There’s a real sense among Democrats, from the party bosses to the rank and file, that their state party must do better than Iowa in tabulating and reporting reliable results, in a timely fashion.

Yet the system here is, in some regards, more complicated than in Iowa. In a state where voters have a track record of loving to vote early, the early caucusing has been a new phenomenon, and it featured what was functionally ranked-choice voting, where voters were asked to pick up to five candidates in order of preference.

Under the rules, the early caucusgoers needed to make at least three selections in order to avoid having their ballots thrown out.

James Eads, a longtime Nevada resident and African American supporter of businessman Tom Steyer, seemed to speak for many when he expressed support for the decision by the state party to abandon an app for tabulating results from the same vendor that designed the failed system in Iowa.

“That’s the system that Nevada has. I have no problem with it. It worked in the last presidential election, it worked, and it still works,” Eads said.

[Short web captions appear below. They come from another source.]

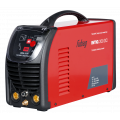 Инвертор Fubag INTIG 200 DC PULSE с горелкой FB TIG 26 5P 4m Up&Down 68 318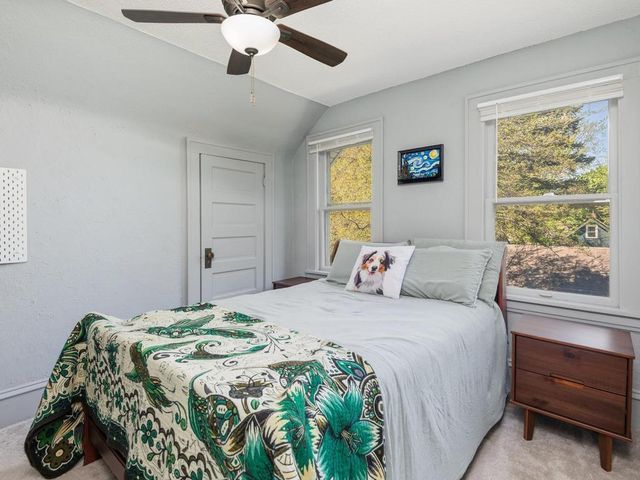 4300 14th Avenue S, Minneapolis, MN 55407
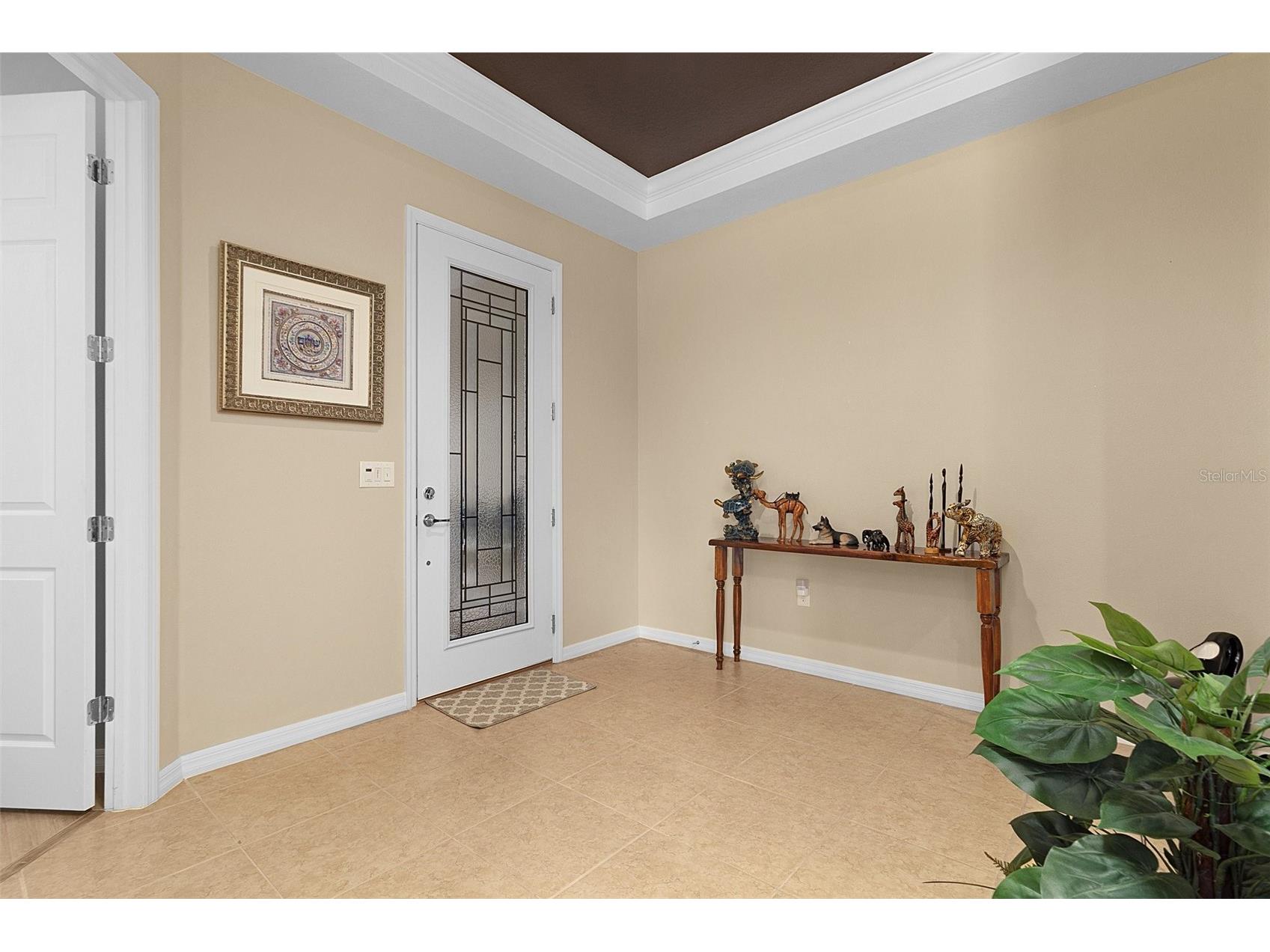 677 Via Corso Court Kissimmee FL 34759 S5140636 image11
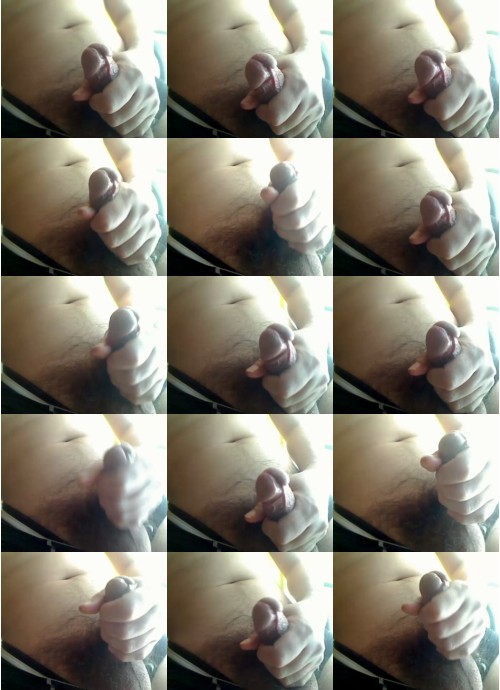 Download Video File: cam4 vius5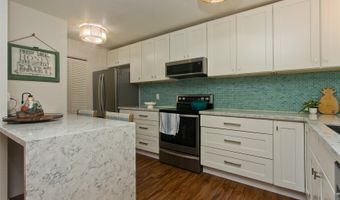 44-130 Kou Pl 1106, Kaneohe, HI 96744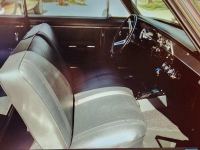 1967 Chevrolet Nova for sale in Michigan (ID-114187)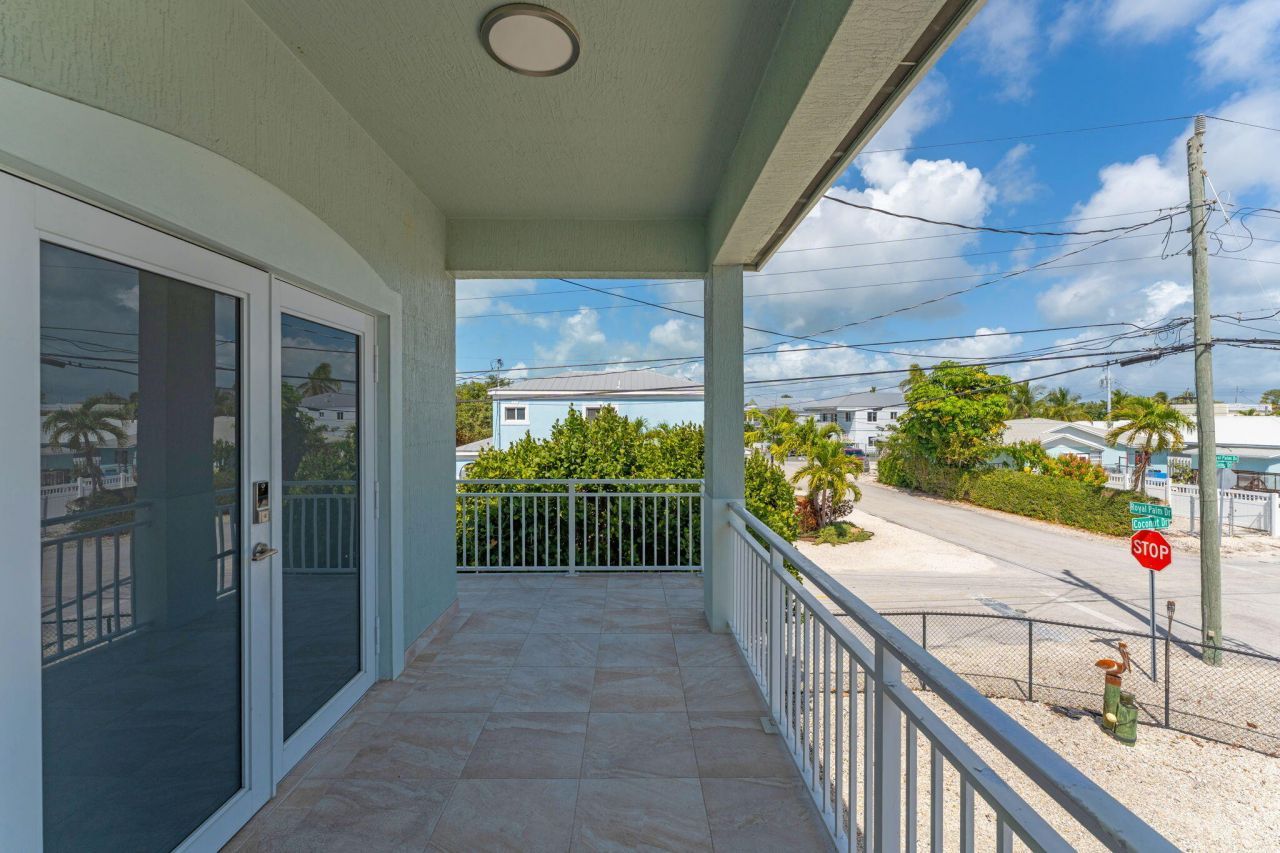30 Coconut Drive, Key Largo, FL 33037 Photo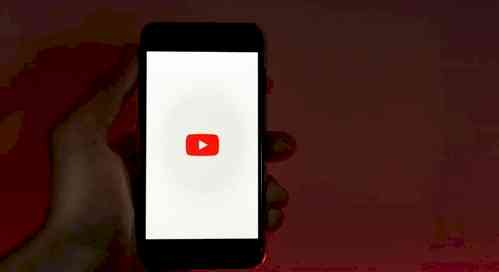 YouTube launches next phase of monetisation to boost Indian creator economy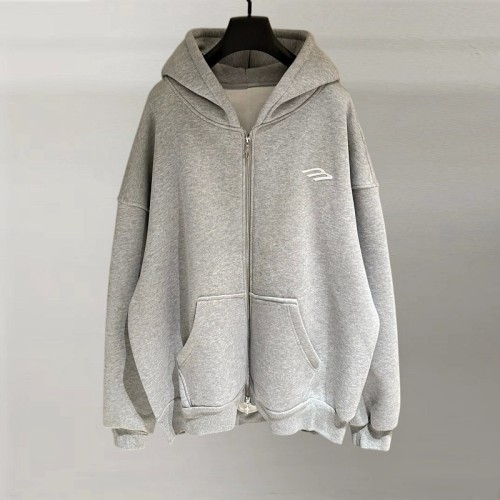 B Hoodies 1：1 Quality-1999(M-XXL)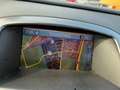Opel Astra Sports Tourer 1.4 Turbo Cosmo NAV.+ Clima Bj:2012 Zwart - thumbnail 12
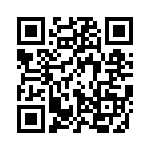 81-524875-68P QRCode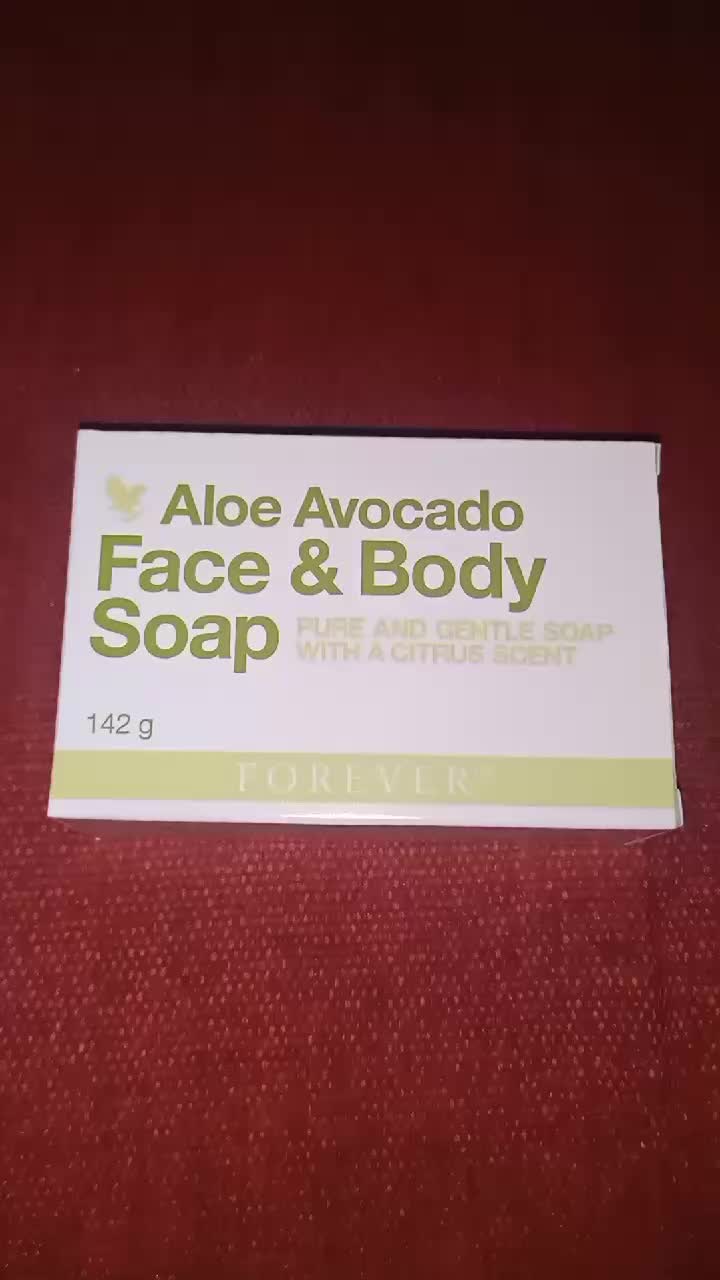 @aloe_healthy living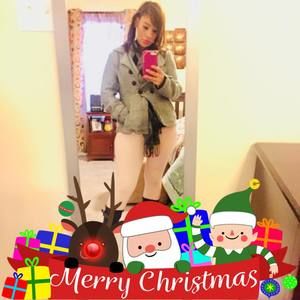 Meet your Posher, Nohemi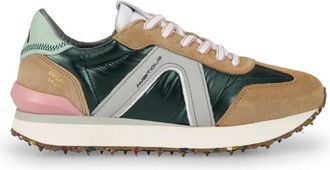 Ambitious Donna, Scarpe, Multicolore, 35 EU, new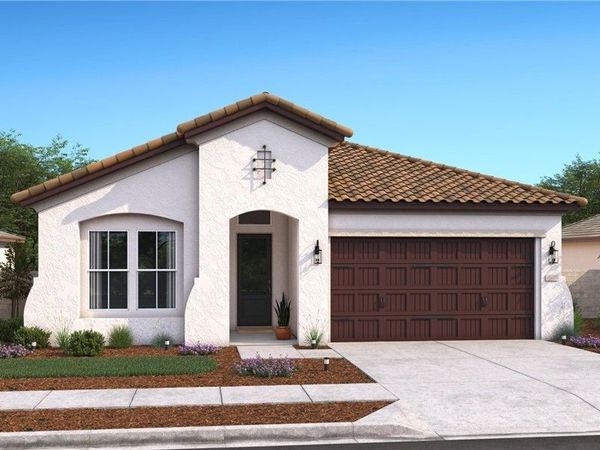 1170 Olive Hill Road, Paso Robles, CA 93446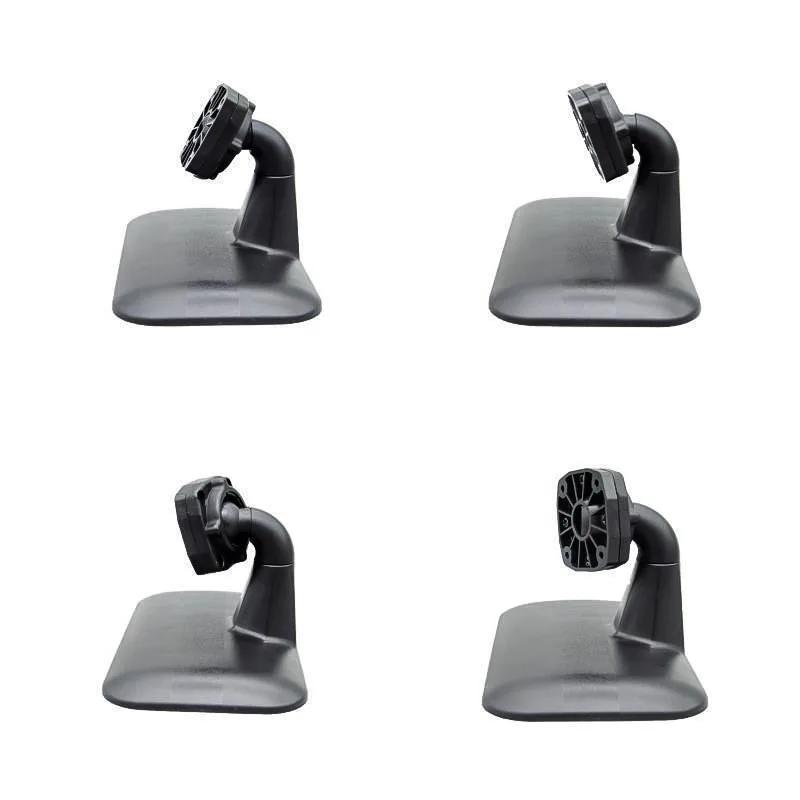 HGDO tableau de bord de voiture panneau central Console rétroviseur caméra DVR support Dash Cam supp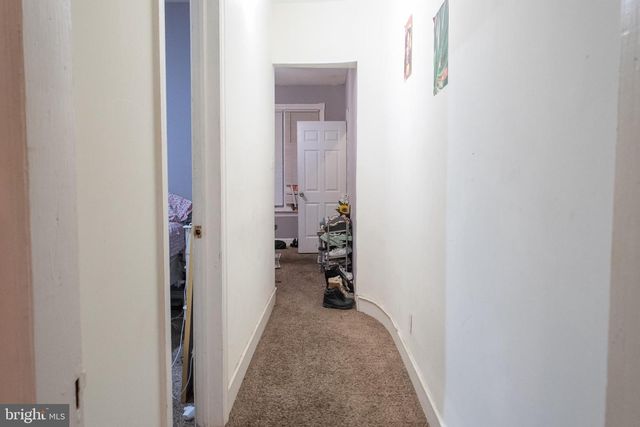 5841 N 12TH ST, Philadelphia, PA 19141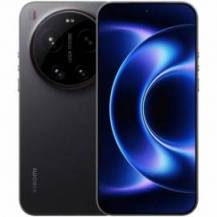 SMARTPHONE XIAOMI 17 ULTRA 16GB/ 512GB/ 6.9'/ 5G/ NEGRO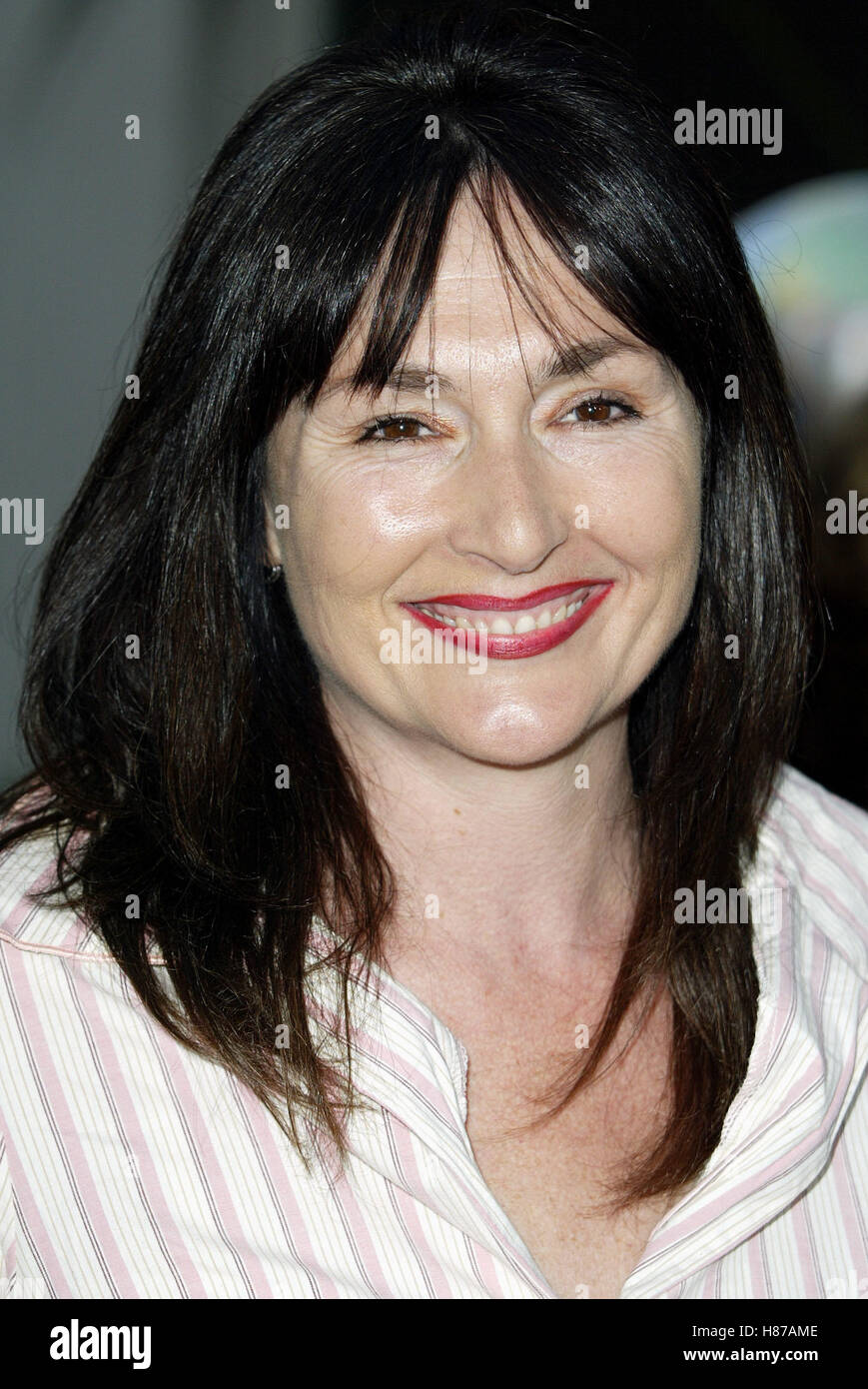 Jennifer Hammon,John Hannah (born 1962) Sex archive Maud Yates,Jill Hennessy Kate Winslet (born 1975),Deborra-lee Furness Porn pics & movies Patricia Ja Lee,Sarah Aubrey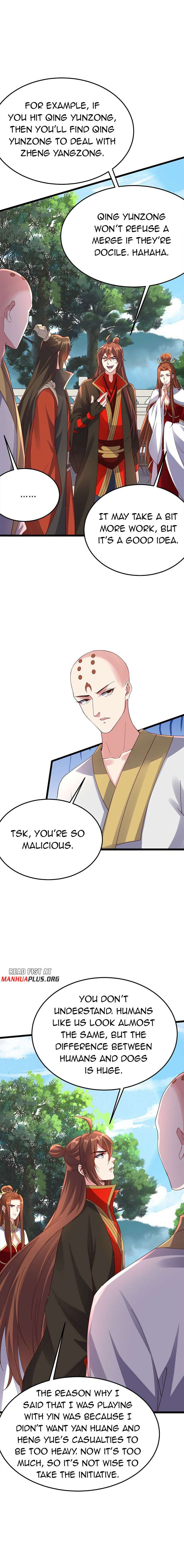 Page 14 of Chapter 426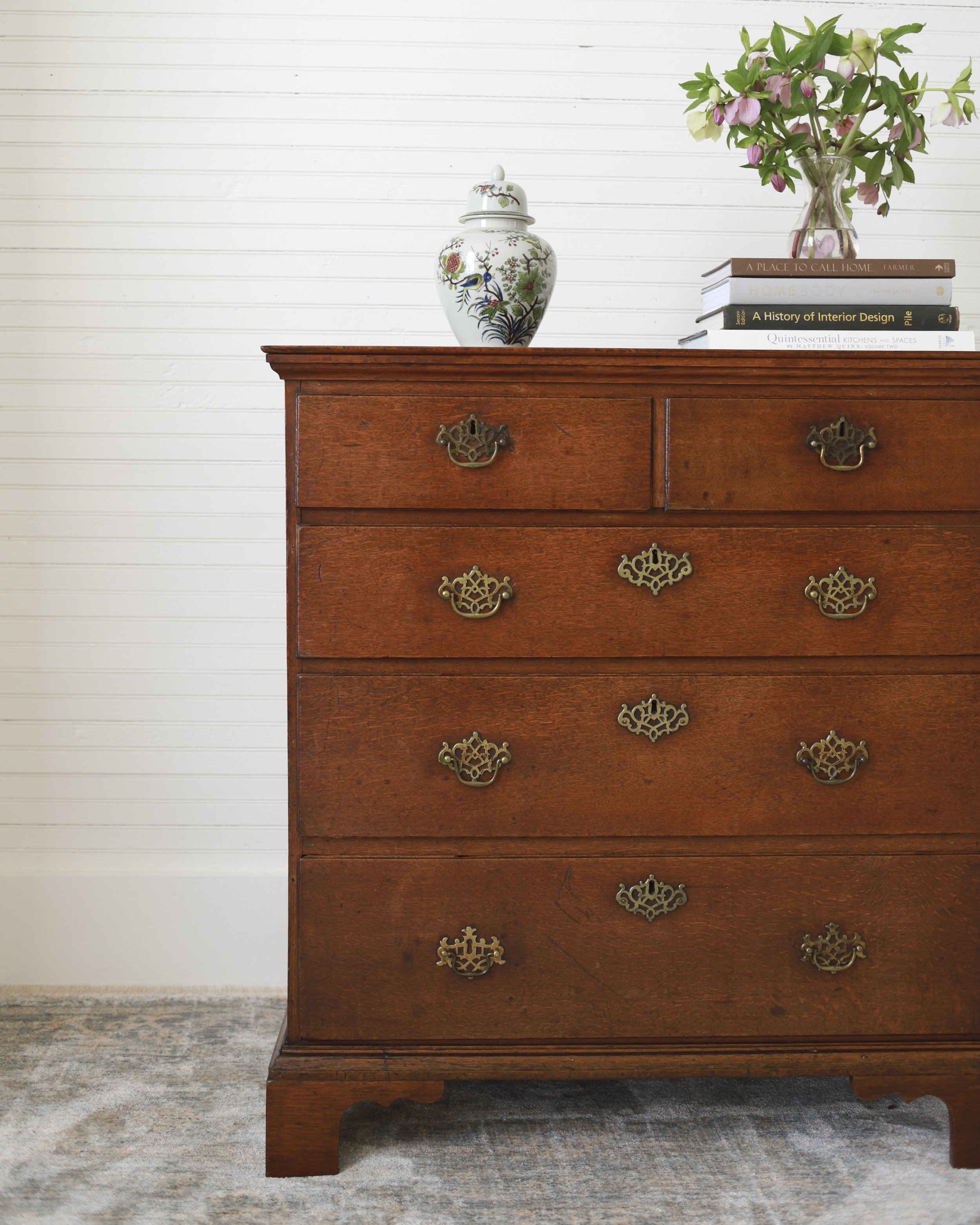 English Georgian Chest-04.jpg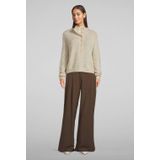 MSCH Copenhagen - Sweater 19260-16000 - Dames Trui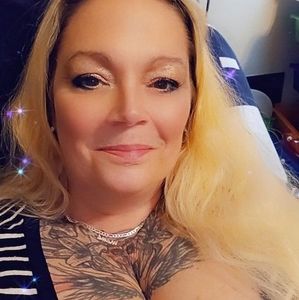 Meet your Posher, Michaele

Iowa, he said, showed that new technology is not always better.

“Here it’s that old-fashioned, you sign up,” Eads said. “There’s a paper ballot that exists, and we work from those paper ballots. I’ve got no problem with them.”

Eye on the prize

Gov. Steve Sisolak is among the many Democrats watching how the new process develops.

“They’re going to be down a little bit because so many people voted early, but we’re going to see good numbers on caucus day. Some people like that format better than the early voting format, some like the early voting format,” the governor said Saturday. “I think you’re going to see a lot of people at the end of the week that say, ‘Jeez, I didn’t vote early.’ Same like Election Day.”

According to both state party officials and precinct captains for the Saturday caucus, if all goes according to plan, the captains will have the early vote preferences of the voters who won’t be attending their caucus site in person.

“We have 3,000 volunteers in the state party, and we’re going to have a good strong caucus,” Reid said. “I feel very comfortable that we’re going to be a showplace for how you should have an early vote.”

Julián Castro, the former secretary of Housing and Urban Development who ended his own White House bid last month before quickly endorsing Massachusetts Sen. Elizabeth Warren, has spent the week visiting Nevada communities on Warren’s behalf.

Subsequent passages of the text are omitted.